Zur Geschäftslage des Oberverwaltungsgerichts Berlin-Brandenburg anlässlich des Jahrespressegesprächs am 17. März 2006 - 9/2006

Pressemitteilung vom 12.04.2006

Für das erste halbe Jahr nach der Fusion (1. Juli bis 31. Dezember 2005) kann das Oberverwaltungsgericht Berlin-Brandenburg eine durchaus positive Bilanz seiner Arbeit ziehen.
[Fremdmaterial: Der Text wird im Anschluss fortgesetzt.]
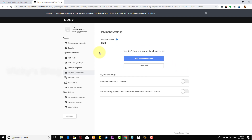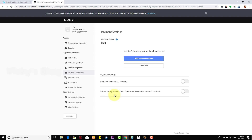Before — if your credit card is getting charged automatically, just check this payment settings, whether you have this enabled. If you enable this one, you will always be getting charged. So be careful, because this is the automatically renew subscriptions setting.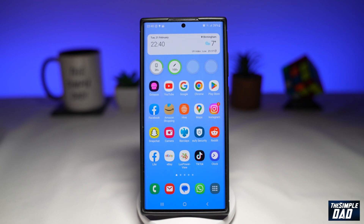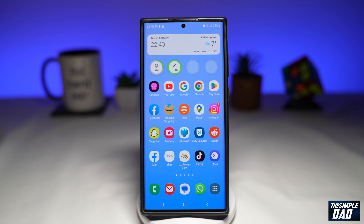Welcome to another Simple Dad Samsung tutorial. In this video, I'll show you how to turn your icons to have the same color theme as your home screen on your Samsung Galaxy phone using the new Samsung One UI 5.1.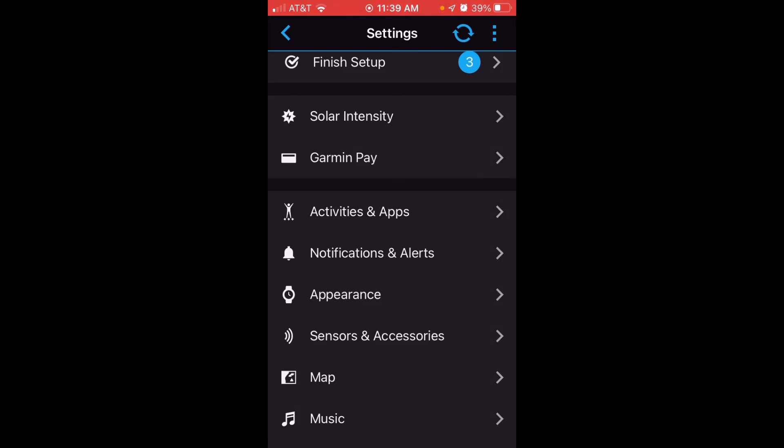I hope that helps. It gives you an idea of how you can edit your apps and activities using the Garmin Connect app. Thanks for watching.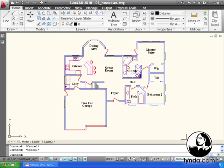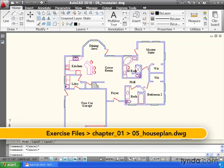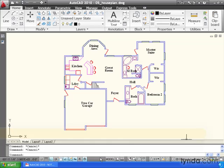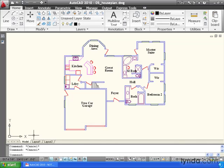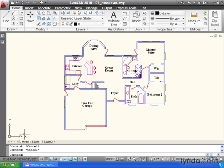The area at the very bottom of our interface is called the status bar, and this is where we look to see the current status of our AutoCAD session. Let me give you an example. As I move my cursor up in model space, take a look at the numbers in the lower left-hand corner of my screen. These numbers represent coordinates, and what we're actually seeing is the current location of my cursor on the screen.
Im 2. Halbjahr 2005 ist die Zahl der Eingänge im Verhältnis zu der Summe der Eingänge beim Oberverwaltungsgericht Berlin und Oberverwaltungsgericht für das Land Brandenburg im 1. Halbjahr 2005 um 6 % von 1.764 auf 1.866 gestiegen. Dabei ist hinsichtlich der Verteilung auf Hauptsacheverfahren und Verfahren des vorläufigen Rechtsschutzes eine deutliche Verschiebung in Richtung der Hauptsacheverfahren zu verzeichnen. Während die Beschwerdeverfahren lediglich einen Anstieg von 3 % aufwiesen, nahm die Zahl der Hauptsacheverfahren (Berufungen, Anträge auf Zulassung der Berufung und erstinstanzliche Klagen) mit 19 % deutlich zu. Die in dem nur geringen Anstieg der Geschäftsbelastung liegende Chance, sich verstärkt dem Abbau des Altbestandes zu widmen, hat das fusionierte Oberverwaltungsgericht genutzt.

Die Erledigungszahlen konnten – wiederum – verglichen mit der Summe der Erledigungen beim Oberverwaltungsgericht Berlin und Oberverwaltungsgericht für das Land Brandenburg im 1. Halbjahr 2005 von 2.086 auf 2.212 Verfahren in der zweiten Jahreshälfte, d.h. um 6 , gesteigert werden. Dadurch konnte nicht nur der Anstieg der neu eingegangenen Verfahren ausgeglichen werden, sondern der am 1. Juli 2005 vorhandene Bestand von 2.273 Streitsachen um 332 (17) auf 1.941 Verfahren am 31. Dezember 2005 verringert werden.